KABARBURSA.COM – Harga emas melesat hampir 3 persen dan menyentuh rekor tertinggi sepanjang masa pada Jumat, 11 April 2025, dini hari WIB. Pelarian besar-besaran investor ke aset aman dipicu oleh jatuhnya nilai dolar Amerika Serikat dan perang dagang yang kembali memanas antara AS dan China.
Dilansir dari Reuters di Jakarta, Jumat, harga emas di pasar spot naik 2,6 persen menjadi USD3.160,82 (sekitar Rp51,6 juta) per ons troi pada pukul 13.54 waktu New York. Sebelumnya, logam mulia ini sempat menyentuh level tertinggi baru di USD3.171,49 (Rp51,9 juta).
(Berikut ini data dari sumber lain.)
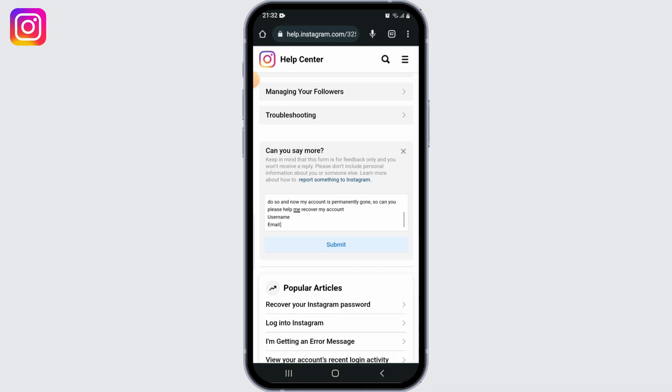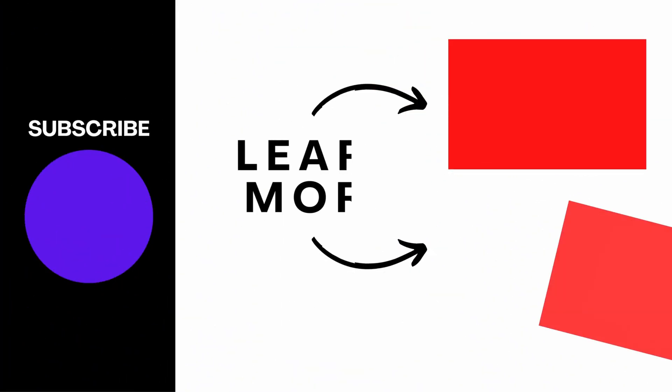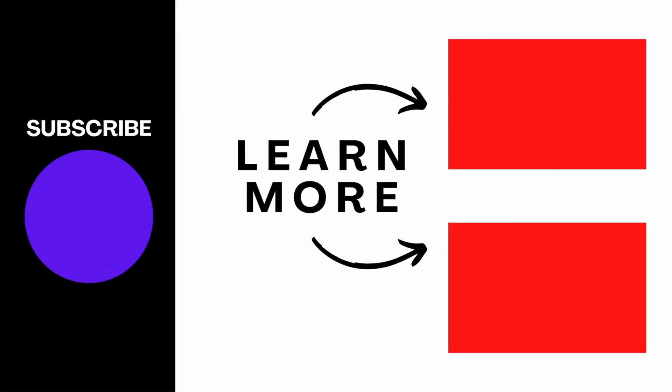Once you're done, simply click on the submit button below and the Instagram Help Center will follow up with you. Please keep in mind that it might take 24 to 48 hours at max, so please be patient. I really hope you found this video helpful — if you did, please don't forget to like, share, and subscribe for more great content. Thanks for watching.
Sementara itu, kontrak berjangka emas AS (gold futures) ditutup melonjak 3,2 persen ke posisi USD3.177,5 (sekitar Rp52 juta).
Kenaikan ini terjadi sehari setelah Presiden AS Donald Trump mengumumkan penurunan tarif sementara bagi puluhan negara, tetapi justru menaikkan tarif untuk China dari 104 persen menjadi 125 persen.
“Emas kembali tampil sebagai aset aman dan siap mencetak rekor baru,” ujar analis pasar senior dari Tradu.com, Nikos Tzabouras.
Meski begitu, menurut dia, peluang tercapainya kesepakatan dagang antara AS dan mitra lain bisa menjadi ganjalan bagi reli emas. “Selain itu, potensi penundaan pemangkasan suku bunga The Fed juga dapat memperkuat dolar dan menahan kenaikan emas,” katanya.
Indeks dolar AS anjlok lebih dari 1 persen terhadap sejumlah mata uang utama dunia sehingga membuat emas jadi lebih murah bagi investor yang memegang mata uang selain dolar.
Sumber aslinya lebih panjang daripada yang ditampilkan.